Everyone knows that the actual football game is the third biggest part of Super Bowl weekend. Don't think so? We're willing to bet that unless you're from San Francisco or Baltimore, you can name a commercial from last year's game, and the halftime performer, quicker than you can name which team won.
The NFL understands the appeal of musical performance, and thus are compiling the biggest collection of performers for Super Bowl 2014, which will be held in New "New York City" Jersey. Bruno Mars will perform the actual game, but at least five other acts will take a stage in each of the five boroughs of the city. Problem no. 1: New York in February will almost assuredly be cold, certainly too cold for outdoor musicianship. Problem no. 2: Most of the boroughs don't normally host indoor concerts.

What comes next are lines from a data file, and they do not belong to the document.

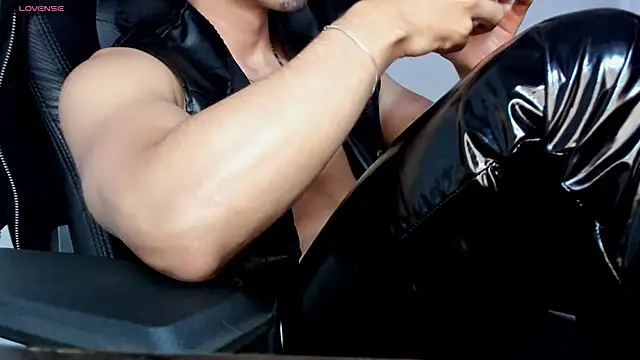 Tommy_Bred live cam on StripChat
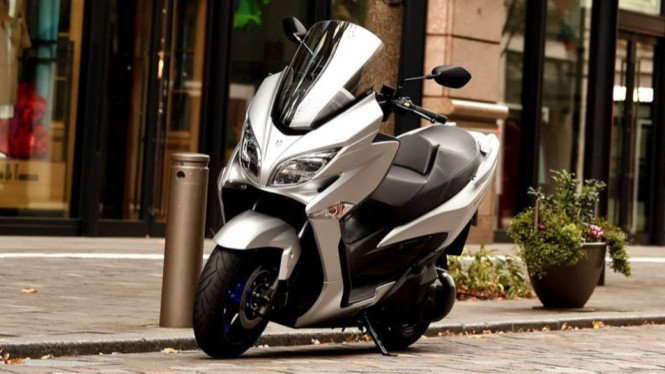 suzuki Burgman 400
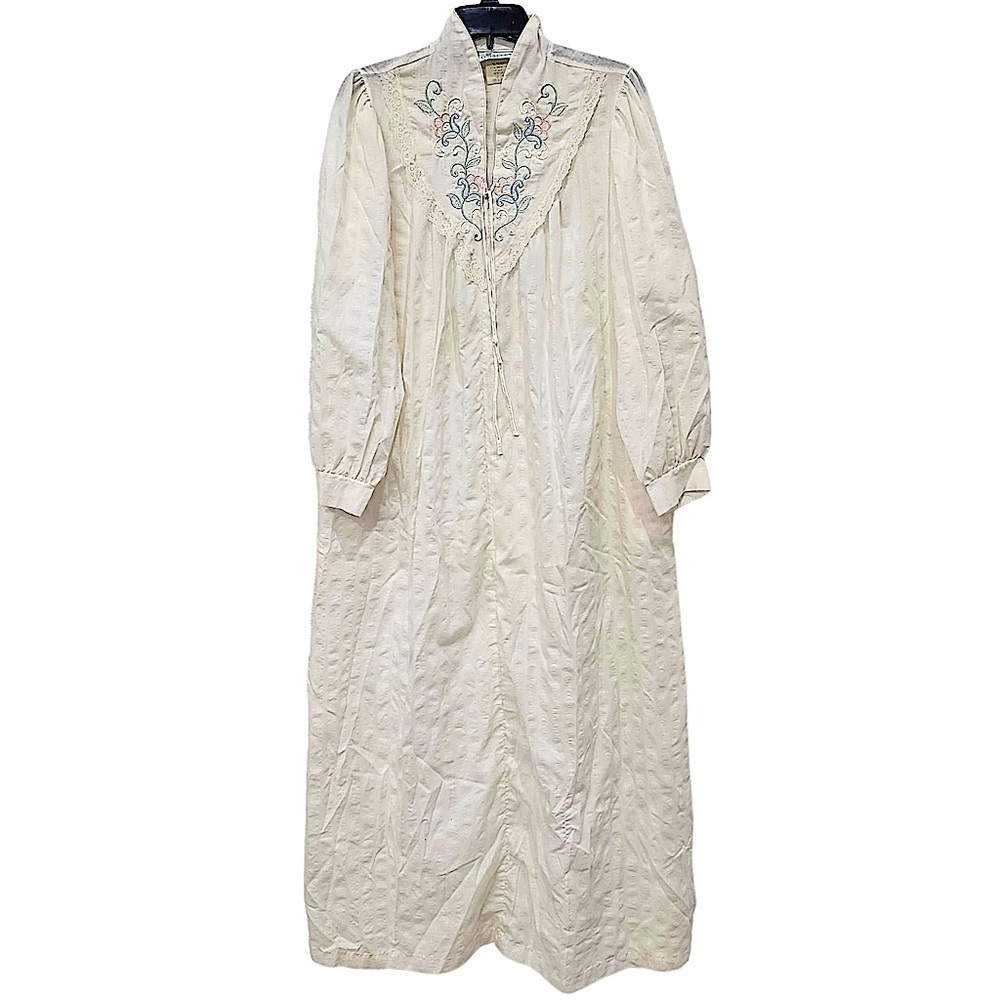 Gilligan & O'Malley Vintage Cream Floor Length Zip Front Robe Size Medium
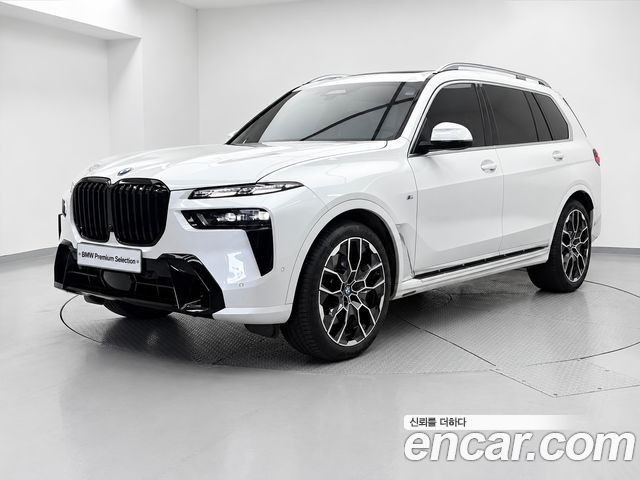 BMW X7 xDrive 40i M Sport 6STR — пробег 14 138 км — фото 1 из 5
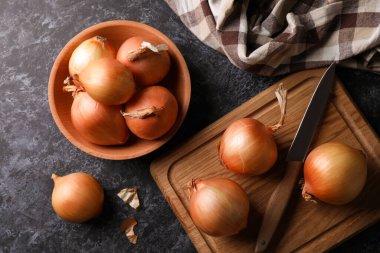 Siyah dumanlı masada taze soğanlı yemek ve kase.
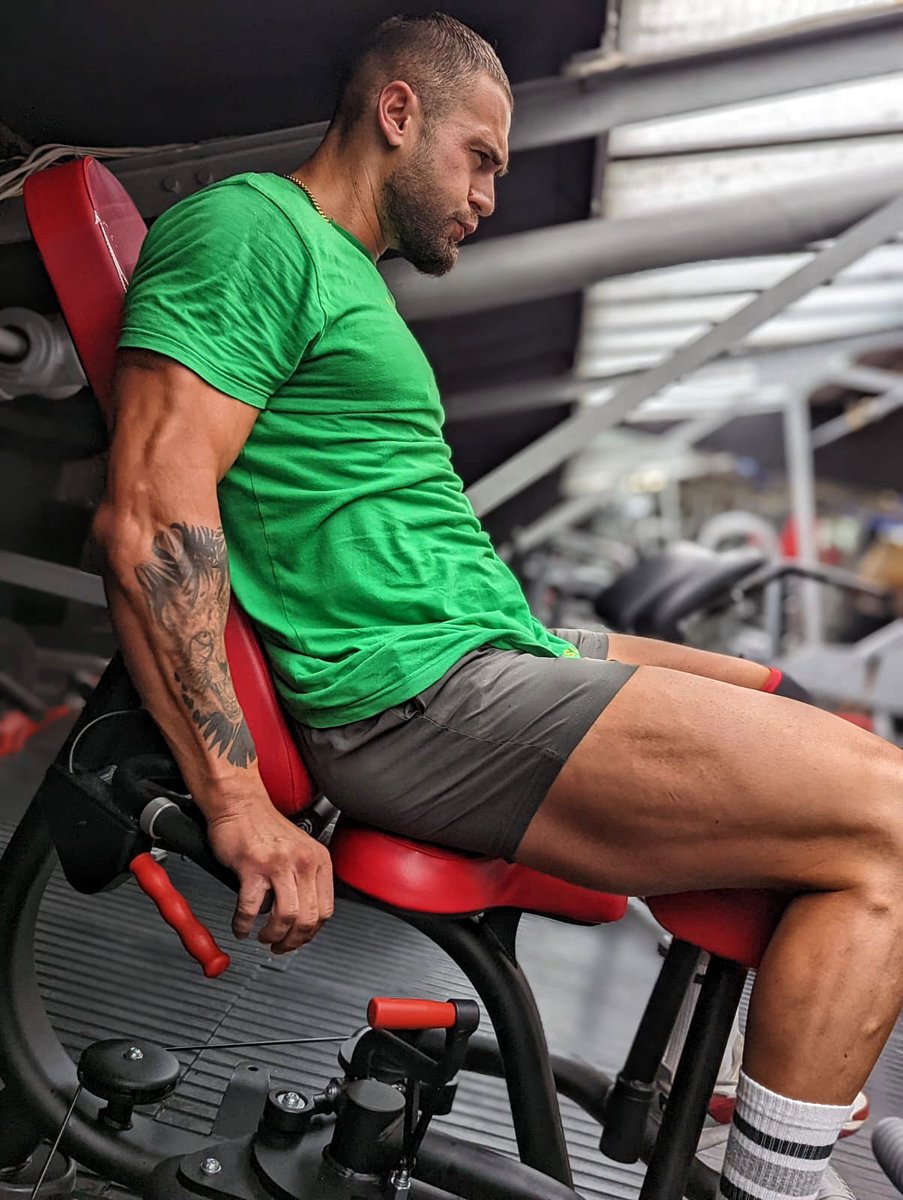 JamesATkhan's tweet photo. POP you’re head with these legs 🤷‍♀️😈 https://t.co/d1bPsqzDxJ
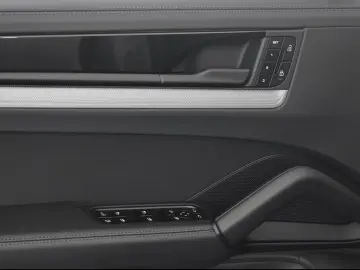 Porsche Cayenne E-Hybrid AHK PANO LUFT Bose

The NFL hasn't announced any acts, nor where they'll theoretically perform, but the league is going to have to work hard to make it work. It said in a statement that the performers will certainly be playing in venues smaller than their average shows. Let's see how equipped each borough is for pre-game concert, from greatest to least:
No problem whatsoever. The wealthiest of the isles has the most opportunities for a concert of any size. A big act could book Madison Square Garden, a smaller act Terminal 5, or head uptown and play the historic Apollo; the possibilities are almost endless. No sweat.
The most music-centric of the boroughs at this point in history, Brooklyn has a fair amount of venues to choose from. If the NFL and sponsors are feeling it, they could book a big act at the impressive Barclay Center. For a much smaller option, Music Hall of Williamsburg is a fun, North Brooklyn option. Or just play a house-show at Jon "Union Jack" Niles' apartment.
True, this may be the most financially impoverished (and politically ignored) part of New York City, but places exist for the vibrant music culture. Yankee Stadium will be too cold, but Lehman College features a beautiful Center for The Performing Arts that will work just fine.
St. George Theatre just has to be the answer. So it's more accustomed to doing more theater-esque events. So it's got seats versus standing room. So what? With the right performer, the classical decoration will provide just the right vibe. Plus, it's almost right off the ferry for those coming from Manhattan.
It's a shame how few non-restaurant/cafe music venues exist within the largest borough in the city. The best option we can think of is the Lefrak Concert Hall. Another university property (belonging to CUNY), the venue is plenty big, but does the NFL think fans are willing to trek this far out?